Türk sinemasında teknik açıdan çok güzel filmlerin ortaya çıktığını belirten Atakan, "Bu sadece benim fikrim değil, yurt dışındaki arkadaşlarımızın düşünceleri de böyle. Teknik açıdan hiçbir sıkıntımız yok. Hatta öndeyiz." dedi.
"Yapımcı bir yol arkadaşıdır"
Atakan, masa başı değil, sahadan gelen bir yapımcı olduğunu ve yaklaşık 10 yıldır atölyeler düzenlediğini aktararak, şöyle devam etti:
"Bu atölyelerden çok başarılı işler yapan yapımcılar çıktı. 'Ben bir şeyler söylüyorum. Ama mümkünse kendi metodunuzu bulun. Daha fazla hareket edin' diye her zaman katılımcılara anlattım. Ben şimdi 20 sene öncesinde olsaydım ve bugünün Türkiye'sinde neler yapardım hayal ettiğimde inanamıyorum ve bunun parayla bir ilgisi olduğunu da düşünüyorum. Aslında yapımcı telefonla bir iş ayarlayacağınız kişi değil, bir yol arkadaşıdır. Böyle görmek gerekiyor."
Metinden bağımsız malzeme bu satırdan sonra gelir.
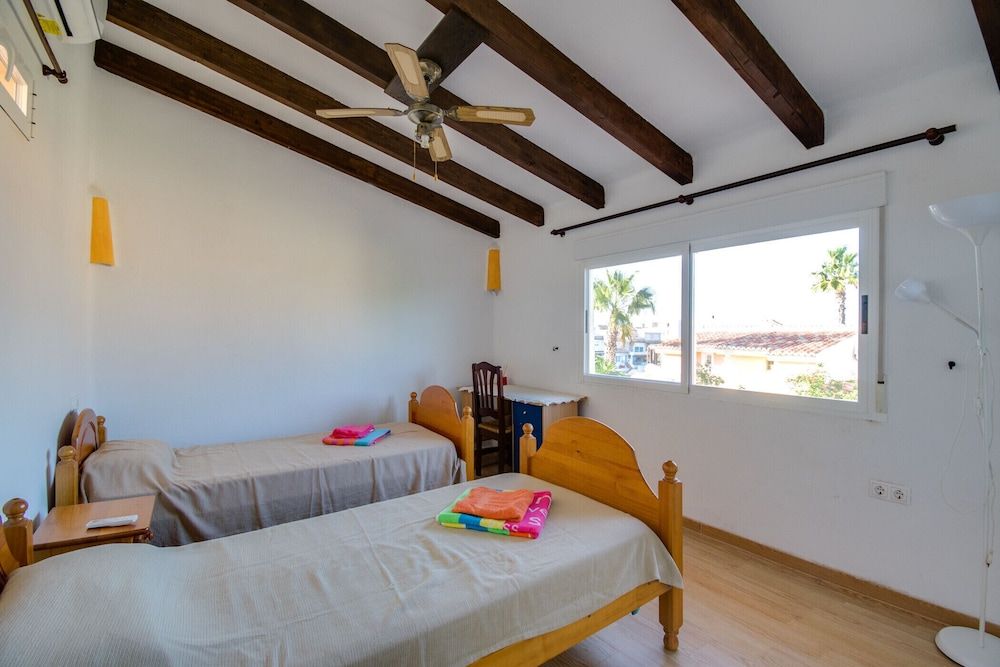 Villa, 3 Bedrooms, Pool Access, Sea View
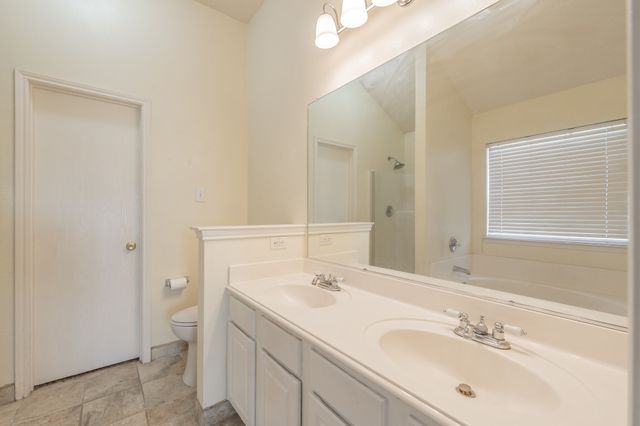 923 Mckavett Drive, Burleson, TX 76028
Konuşmasında yapımcı olmak isteyenlere tavsiyelerde de bulunan Atakan, "Birincisi yapımcı olmak isteyenleri duyunca mutlu oluyorum. Kendilerini geliştirmesi lazım. Ama bu geliştirme sadece yaratıcı alanda değil, diğer tarafta da iyi bir iletişim ağına sahip, dünyayla iş yapabilecek durumda olmalı. Eğer uluslararası işler yapmak istiyorsanız yabancı dil olmalı. Ne istediğinizi doğru tarif etmeniz ve alanı mutlaka iyi tanımanız lazım. Her alanı da görmelerini isterim. Yani bir dizi, reklam, sinema seti de görün. Güncel konferansları takip edin." ifadelerini kullandı.
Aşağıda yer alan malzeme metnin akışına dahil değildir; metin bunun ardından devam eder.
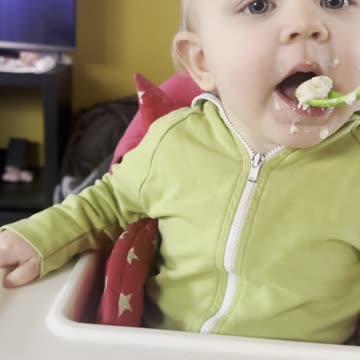 Baby Kayla Eating Breakfast — Cute Spoon-Feeding Moment 🥣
Zeynep Atakan, YAPIMLAB'ı kurmasına ilişkin de şunları anlattı: "Eğitim işi hep kafamda olan bir şeydi. 1999'da Berlin'e gidip, döndükten sonra iletişim çok zayıftı. Kimse kimseye pek yardım etmiyordu. Türkiye'de o zaman iş yapan prodüktörlerin çok bilgi paylaşımı olmuyordu. 2008'de 'Üç Maymun' filminden sonra çok sorular gelmeye başladı. Uluslararası ortak yapımlar yapma konusunda ve ben yılın yapımcısı ödülünü kazandım. Bu anlamda bir sürü bilgi vardı ve bu bilgilerin benden çıkması gerekiyordu. O yıl 'Bir Zamanlar Anadolu'da filminin çekimlerini bitirince, ben hemen bu projeyi devreye soktum ve temmuzda YAPIMLAB'ın 10 yılı dolacak."